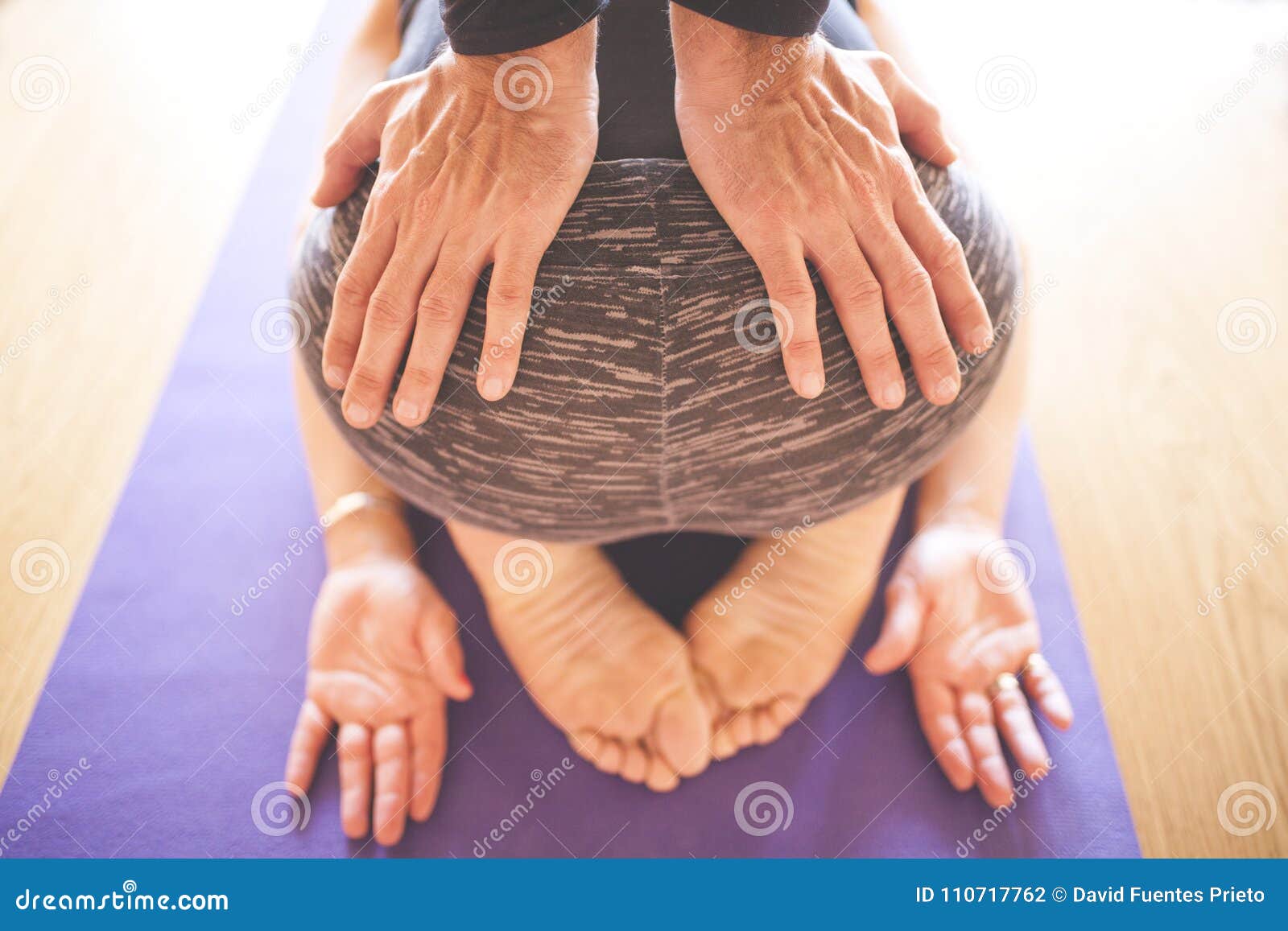 Woman Doing Yoga At Wooden Floor Stock Photo Image Of Athletic Foot Woman Doing Yoga At Wooden Floor Stock Photo Image Of Athletic Foot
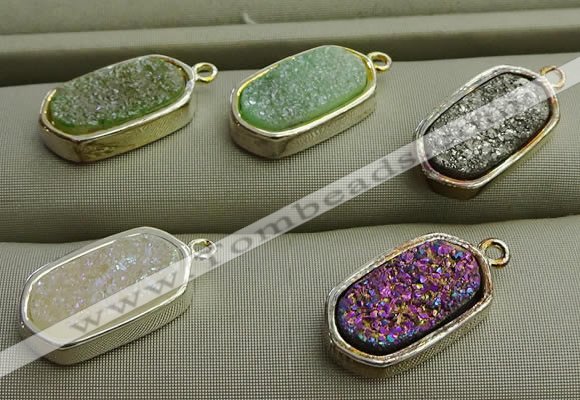 NGP7580 10*15mm oval plated druzy agate pendants wholesale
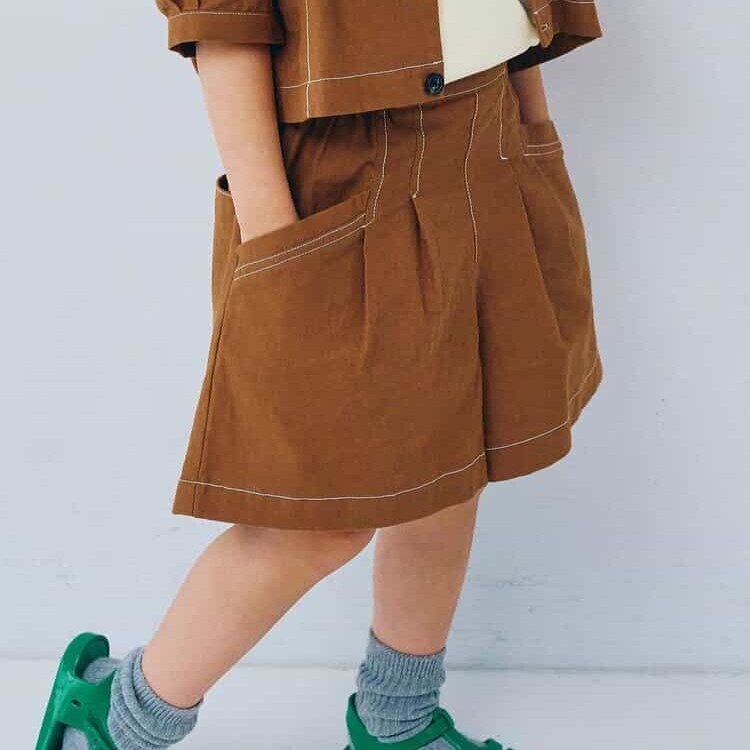 日本 90-140 斜邊口袋寬短褲 3色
------------------------------------------------------------------------
EXERCISE:
Everything in the listing must be restated word for word, except for the pictures.

ANSWER FOR THIS EXERCISE:
 Woman Doing Yoga At Wooden Floor Stock Photo Image Of Athletic Foot Woman Doing Yoga At Wooden Floor Stock Photo Image Of Athletic Foot
 NGP7580 10*15mm oval plated druzy agate pendants wholesale
 日本 90-140 斜邊口袋寬短褲 3色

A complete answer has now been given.